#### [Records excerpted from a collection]
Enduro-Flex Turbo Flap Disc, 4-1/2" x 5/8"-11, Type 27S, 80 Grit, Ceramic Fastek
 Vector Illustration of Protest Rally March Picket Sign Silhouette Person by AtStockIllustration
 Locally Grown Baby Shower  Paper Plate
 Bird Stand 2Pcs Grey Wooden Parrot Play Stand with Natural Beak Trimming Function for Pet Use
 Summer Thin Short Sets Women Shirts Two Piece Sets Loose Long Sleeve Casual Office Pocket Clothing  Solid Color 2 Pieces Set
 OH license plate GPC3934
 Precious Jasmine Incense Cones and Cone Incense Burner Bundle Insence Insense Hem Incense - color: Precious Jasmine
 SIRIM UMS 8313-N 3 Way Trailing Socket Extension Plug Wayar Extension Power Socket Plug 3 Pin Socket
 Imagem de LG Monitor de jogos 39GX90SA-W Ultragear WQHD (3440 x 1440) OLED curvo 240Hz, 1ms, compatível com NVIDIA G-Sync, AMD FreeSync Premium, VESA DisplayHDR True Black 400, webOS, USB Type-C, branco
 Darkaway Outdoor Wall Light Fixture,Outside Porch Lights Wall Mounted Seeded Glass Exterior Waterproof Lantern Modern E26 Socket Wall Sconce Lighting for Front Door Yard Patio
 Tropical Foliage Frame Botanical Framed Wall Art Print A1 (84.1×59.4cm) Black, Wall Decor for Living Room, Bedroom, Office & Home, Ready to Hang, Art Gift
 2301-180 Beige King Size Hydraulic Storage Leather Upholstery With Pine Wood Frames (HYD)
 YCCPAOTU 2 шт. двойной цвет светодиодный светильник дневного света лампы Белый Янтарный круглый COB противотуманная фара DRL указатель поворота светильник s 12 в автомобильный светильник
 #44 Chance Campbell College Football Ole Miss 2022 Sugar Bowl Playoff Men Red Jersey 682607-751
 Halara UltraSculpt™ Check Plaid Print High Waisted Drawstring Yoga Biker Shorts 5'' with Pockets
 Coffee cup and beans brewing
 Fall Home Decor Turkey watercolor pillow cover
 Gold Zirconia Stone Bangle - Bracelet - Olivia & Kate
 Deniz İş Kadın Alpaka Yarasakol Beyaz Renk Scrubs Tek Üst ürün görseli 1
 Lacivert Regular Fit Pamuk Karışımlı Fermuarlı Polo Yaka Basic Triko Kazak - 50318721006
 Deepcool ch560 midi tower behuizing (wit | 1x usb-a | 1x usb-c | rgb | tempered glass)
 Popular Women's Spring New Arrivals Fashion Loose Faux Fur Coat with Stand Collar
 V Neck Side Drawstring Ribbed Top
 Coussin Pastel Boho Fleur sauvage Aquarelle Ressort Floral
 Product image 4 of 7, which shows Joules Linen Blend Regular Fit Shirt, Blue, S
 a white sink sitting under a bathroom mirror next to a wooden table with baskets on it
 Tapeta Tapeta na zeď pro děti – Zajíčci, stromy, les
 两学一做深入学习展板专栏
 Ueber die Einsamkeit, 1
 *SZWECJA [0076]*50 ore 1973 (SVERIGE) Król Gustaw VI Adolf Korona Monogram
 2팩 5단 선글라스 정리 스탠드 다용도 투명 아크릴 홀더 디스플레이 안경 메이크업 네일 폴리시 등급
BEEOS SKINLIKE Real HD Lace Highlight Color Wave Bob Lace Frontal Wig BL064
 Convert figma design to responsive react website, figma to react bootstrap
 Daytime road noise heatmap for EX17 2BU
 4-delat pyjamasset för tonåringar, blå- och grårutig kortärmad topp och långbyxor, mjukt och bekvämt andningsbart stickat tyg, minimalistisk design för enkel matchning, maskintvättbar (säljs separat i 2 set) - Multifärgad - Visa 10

#### [Exercise requirements]
Copy all lines of the records in which the string "Stand" can be found.

#### [Solution to this task]
 Bird Stand 2Pcs Grey Wooden Parrot Play Stand with Natural Beak Trimming Function for Pet Use
 Popular Women's Spring New Arrivals Fashion Loose Faux Fur Coat with Stand Collar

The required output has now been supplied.